**YOUR INSTRUCTIONS**
Task for the records below: repeat the line containing "Пейзаж с отражением :: Galina Solovova" and every line after it, exactly and with nothing else, but leave out the pictures.

**ENTRIES SHOWN**
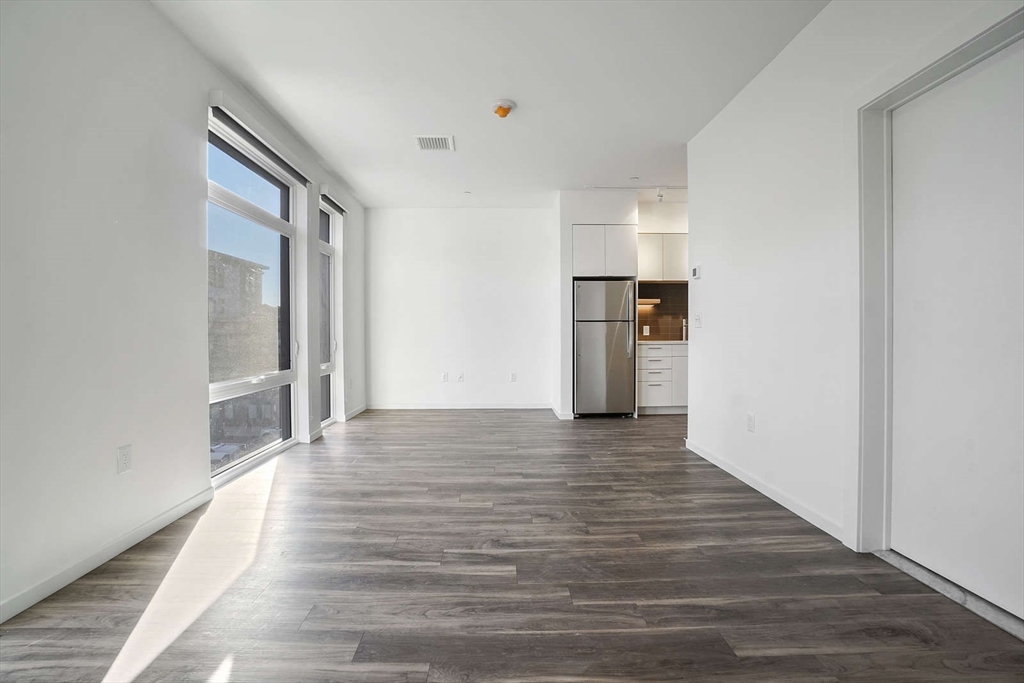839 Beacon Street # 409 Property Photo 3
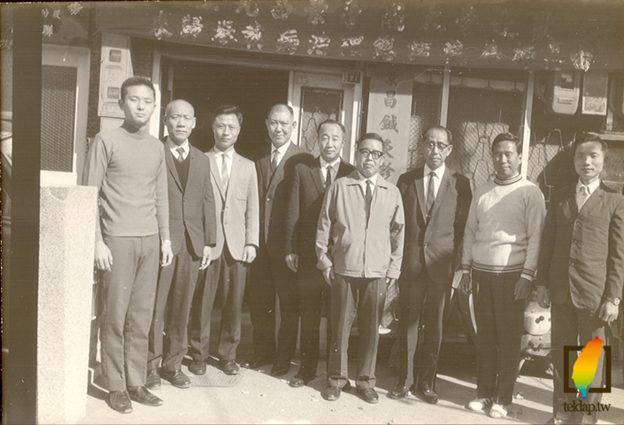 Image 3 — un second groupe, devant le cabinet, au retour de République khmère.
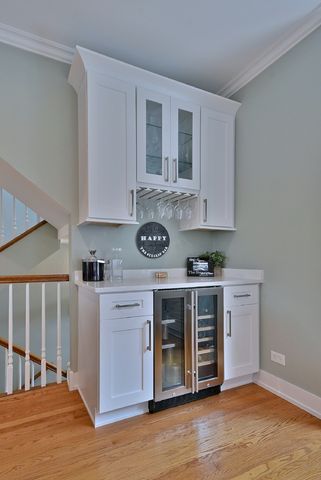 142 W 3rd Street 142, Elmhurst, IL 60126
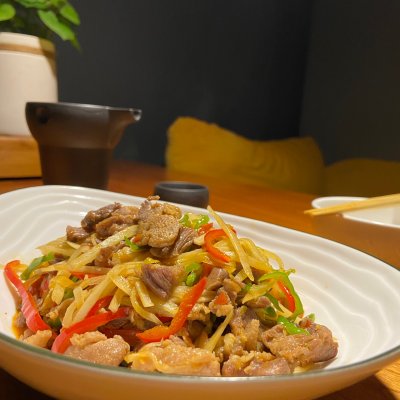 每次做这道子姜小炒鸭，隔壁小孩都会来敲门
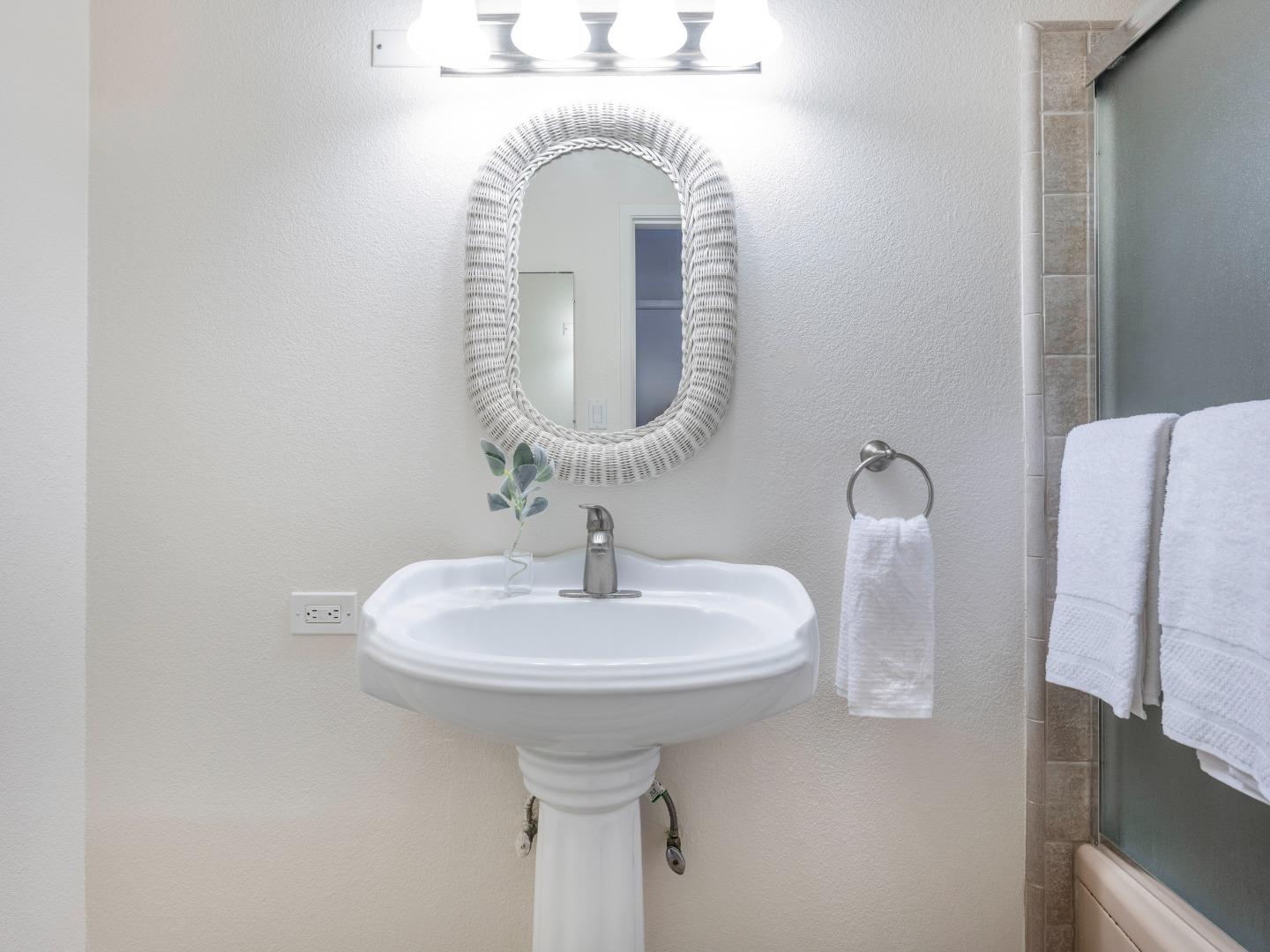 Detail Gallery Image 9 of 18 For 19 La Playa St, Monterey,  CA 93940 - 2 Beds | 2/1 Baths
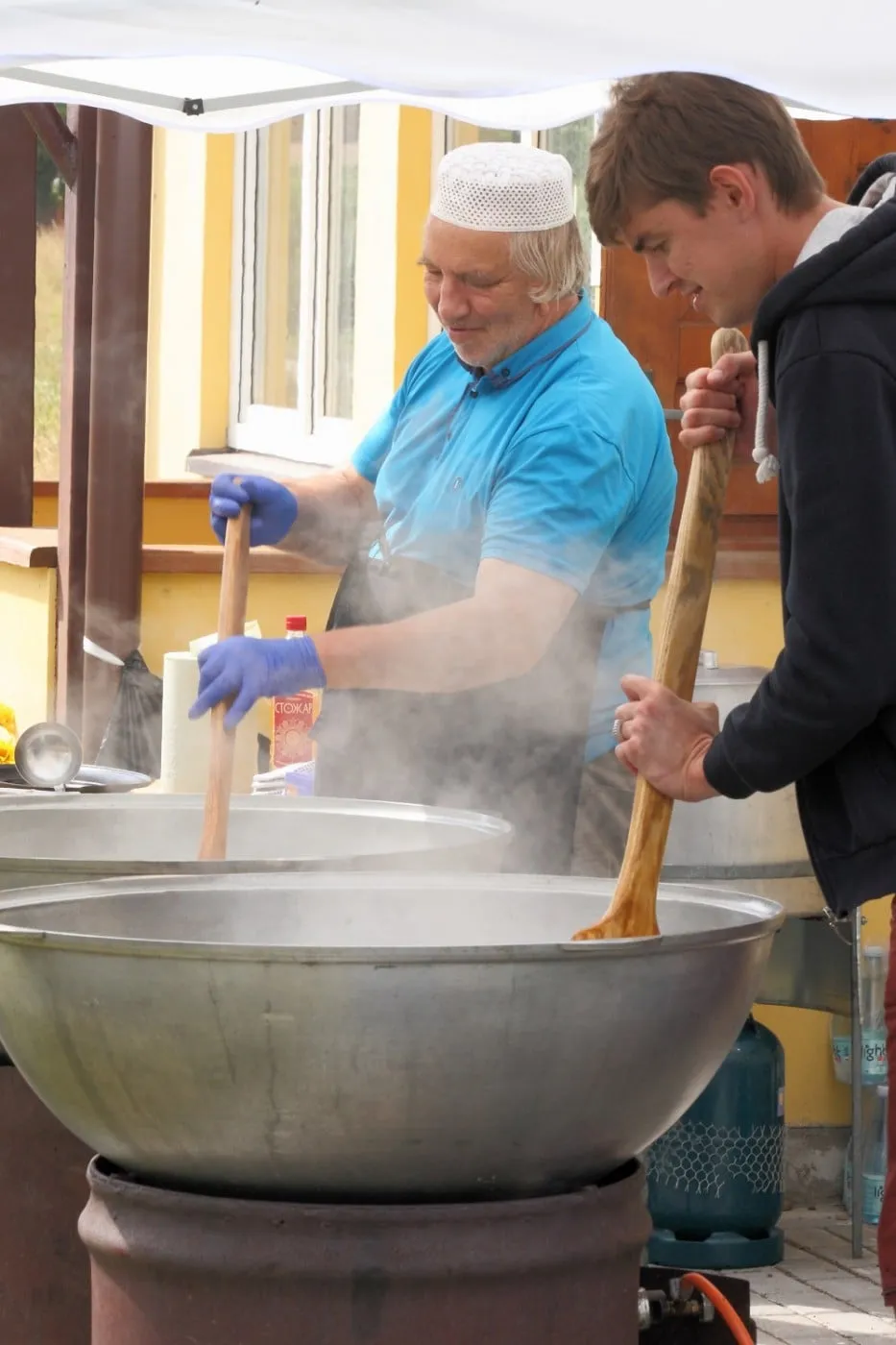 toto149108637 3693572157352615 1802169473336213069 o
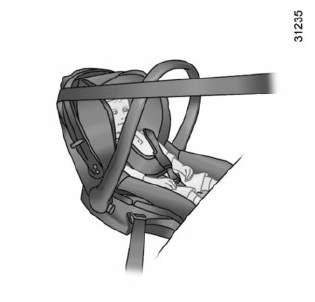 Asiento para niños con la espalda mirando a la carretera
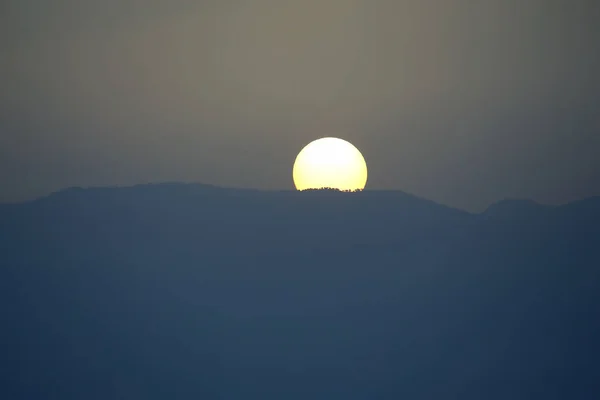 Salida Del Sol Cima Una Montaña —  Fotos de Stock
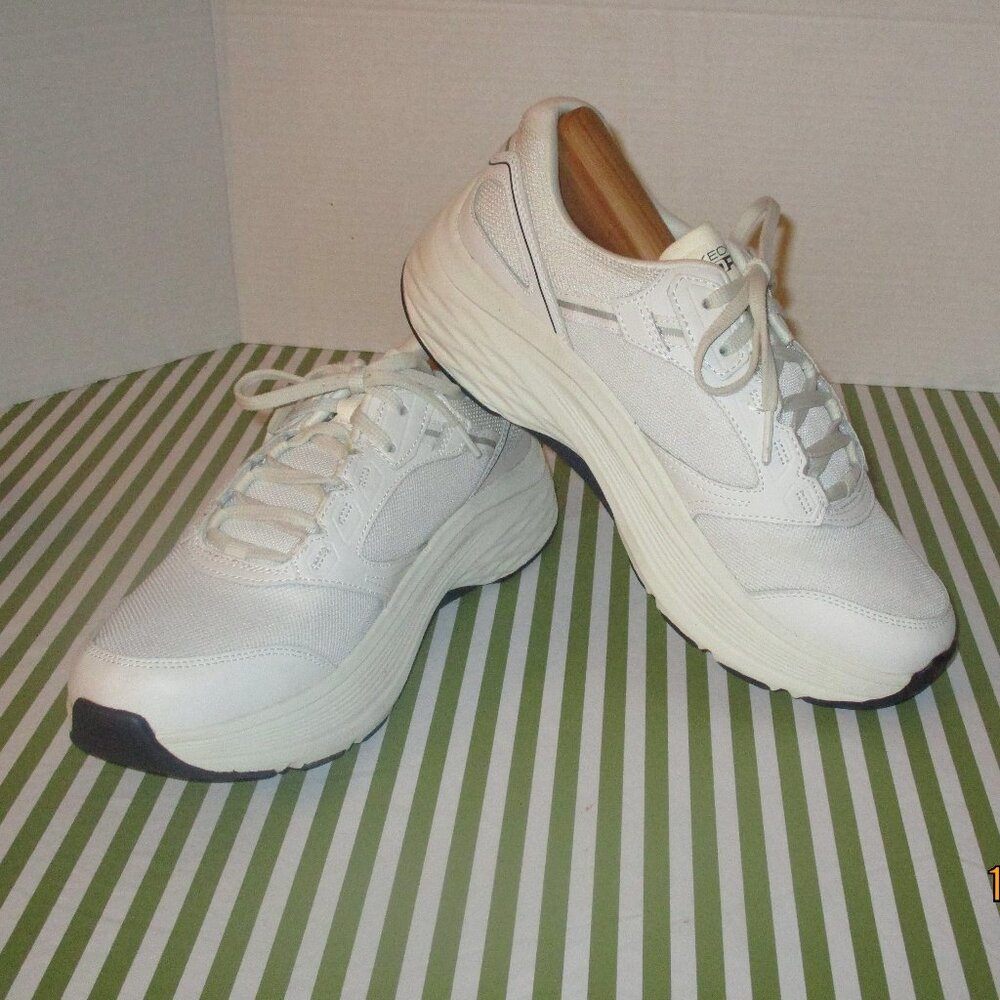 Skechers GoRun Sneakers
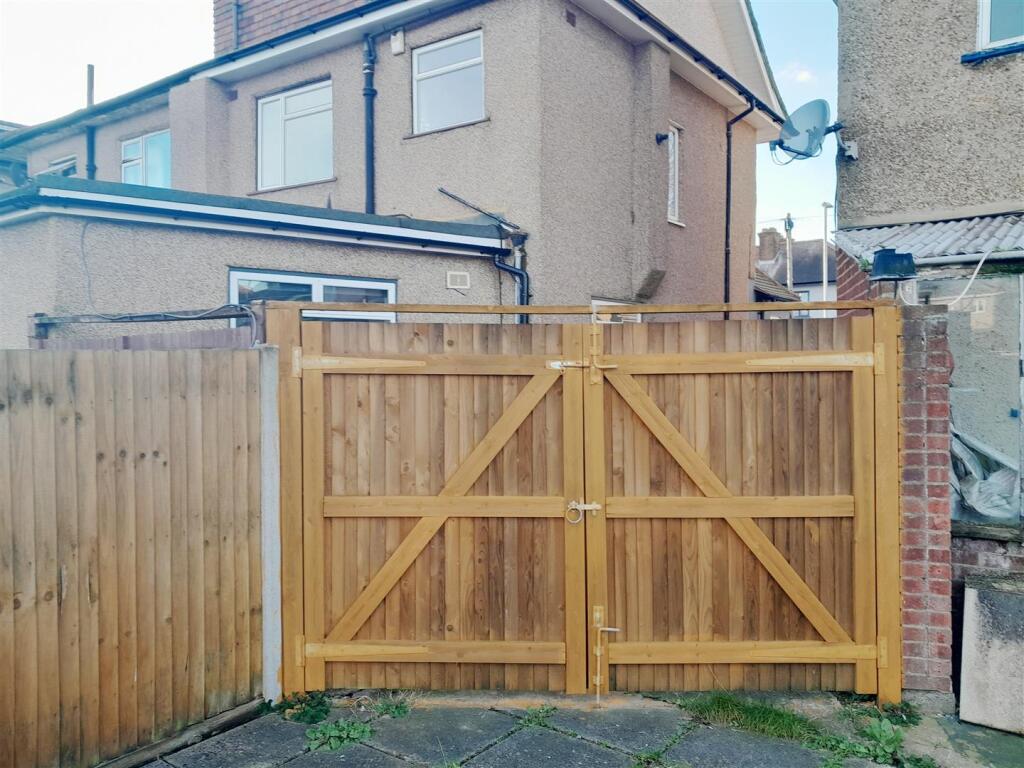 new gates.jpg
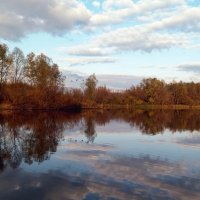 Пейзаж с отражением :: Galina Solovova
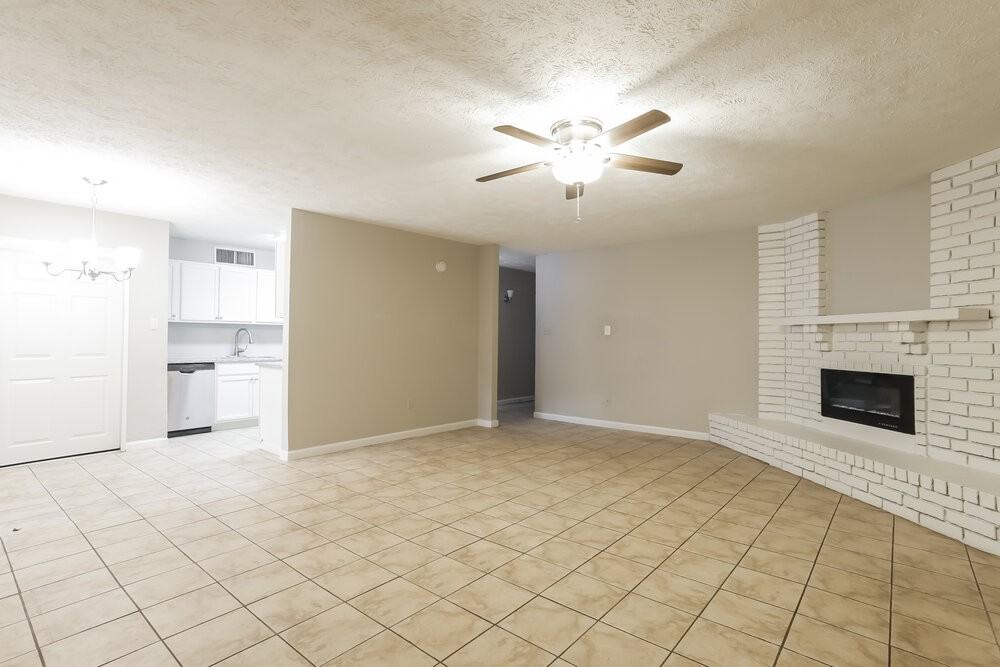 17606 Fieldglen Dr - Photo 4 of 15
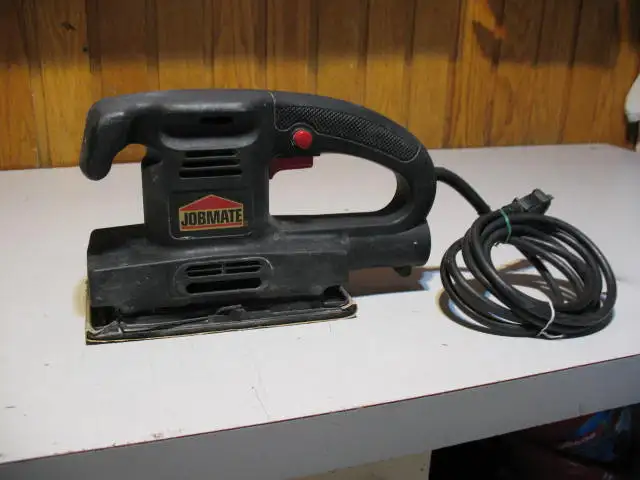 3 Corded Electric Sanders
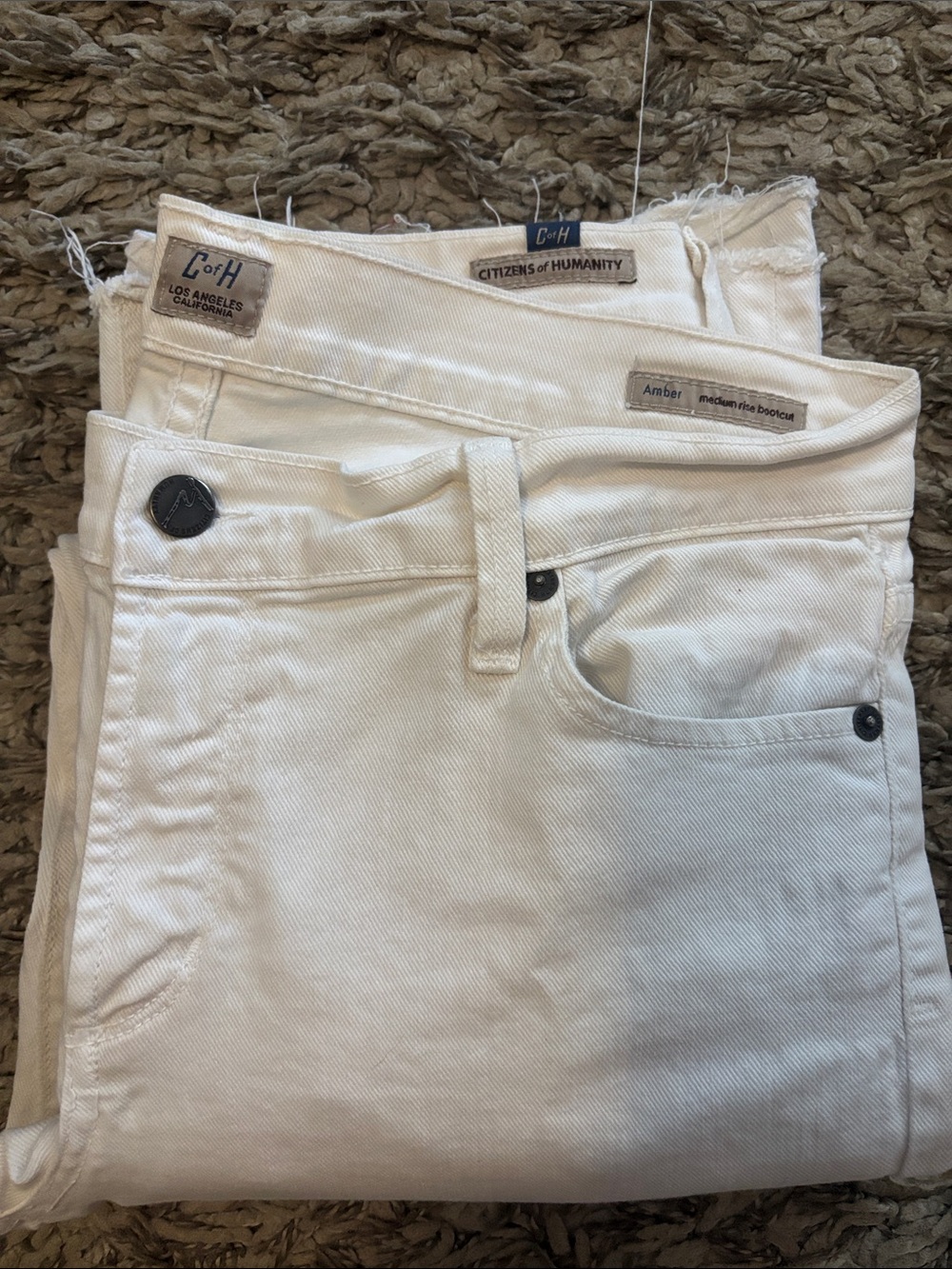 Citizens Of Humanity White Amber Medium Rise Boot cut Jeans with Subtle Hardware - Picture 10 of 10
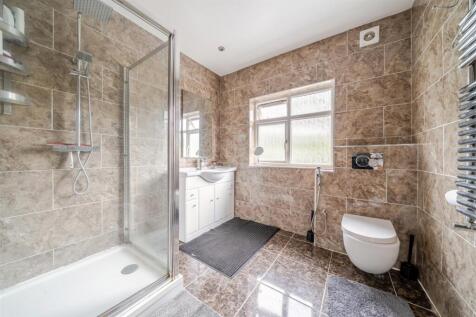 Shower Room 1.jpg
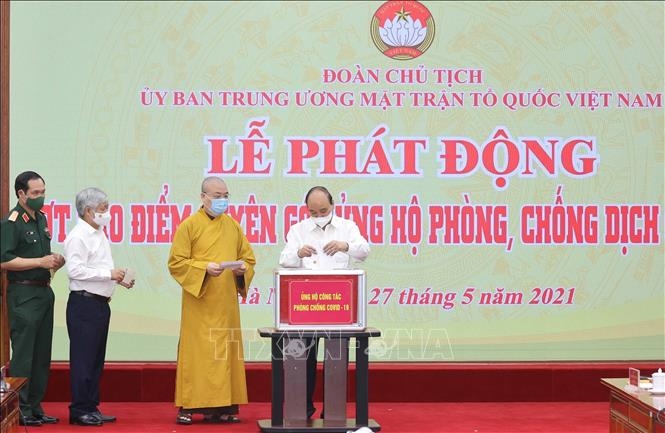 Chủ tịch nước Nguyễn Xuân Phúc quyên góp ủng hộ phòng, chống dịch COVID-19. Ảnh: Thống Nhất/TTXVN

**SOLUTION TO THE EXERCISE**
 Пейзаж с отражением :: Galina Solovova
 17606 Fieldglen Dr - Photo 4 of 15
 3 Corded Electric Sanders
 Citizens Of Humanity White Amber Medium Rise Boot cut Jeans with Subtle Hardware - Picture 10 of 10
 Shower Room 1.jpg
 Chủ tịch nước Nguyễn Xuân Phúc quyên góp ủng hộ phòng, chống dịch COVID-19. Ảnh: Thống Nhất/TTXVN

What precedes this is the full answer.